A quote from the paper:

In almost all ABE proposals, private keys were issued by one central authority that would need to be in a position to verify all the attributes or credentials it issued for each user in the system. These systems can be utilized to share information according a policy over attributes issued within a domain or organization, however, in many applications a party will want to share data according to a policy written over attributes or credentials issued across di erent trust domains and organizations. For instance, a party might want to share medical data only with a user who has the attribute of \Doctor"issued by a medical organization and the attribute \Researcher" issued by the administrators of a clinical trial. On a commercial application, two corporations such as Boeing and General Electric might both issue attributes as part of a joint project. Using current ABE systems forthese applications can be problematic since one needs a single authority that is both able to verify attributes across different organizations and issue private keys to every user in the system

Attribute quantification tokens as user issued assets?

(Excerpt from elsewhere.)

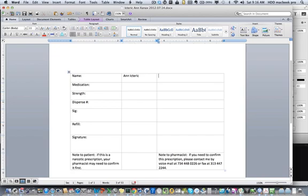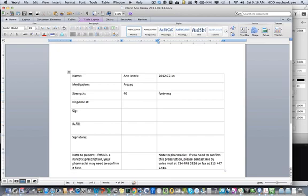Over here goes the date, and medication is Prozac, strength is 40 milligrams.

Be aware that this paper was written sometime in 2010, before blockchain technology was well known. On a blockchain, permissions could be represented by ownership of access tokens. All who have a certain token issued to them, would be granted access to the special rights and privileges associated with the token. The token alone wouldn't encrypt anything but it would provide a means of tracking who has certain attributes so long as the authority which distributes the token does so in an algorithmic and consistent fashion. Tokens would become badge which represent attributes, qualifications, and these tokens would have to be non-transferable quantifiers of reputation or attribute.

Secure computation is also possible in theory over a blockchain, and in this case a witness or similar role could do the verified computation which generates the private keys from the attributes of the users. Of course with any of these approaches there are non-trivial challenges involved, yet based on the Enigma paper there is at least a theoretical approach which shows you can do computations of this sort over a blockchain data structure.

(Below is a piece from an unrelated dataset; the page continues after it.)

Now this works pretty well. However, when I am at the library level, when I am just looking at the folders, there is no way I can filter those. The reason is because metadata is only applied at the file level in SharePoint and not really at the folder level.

In the paper it is shown that you do not need a fixed authority to do attribute based encryption. You can have multiple authorities in a decentralized network and accomplish the same ends. In the case of a blockchain, you might have to rely on witnesses for the role of these authorities. Because this is an entirely new approach to things which is only recently made possible with technologies such as Steemit, Storj, IPFS, SAFE Network, it's unknown whether or not we will see an implementation of attribute based encryption utilizing a blockchain approach.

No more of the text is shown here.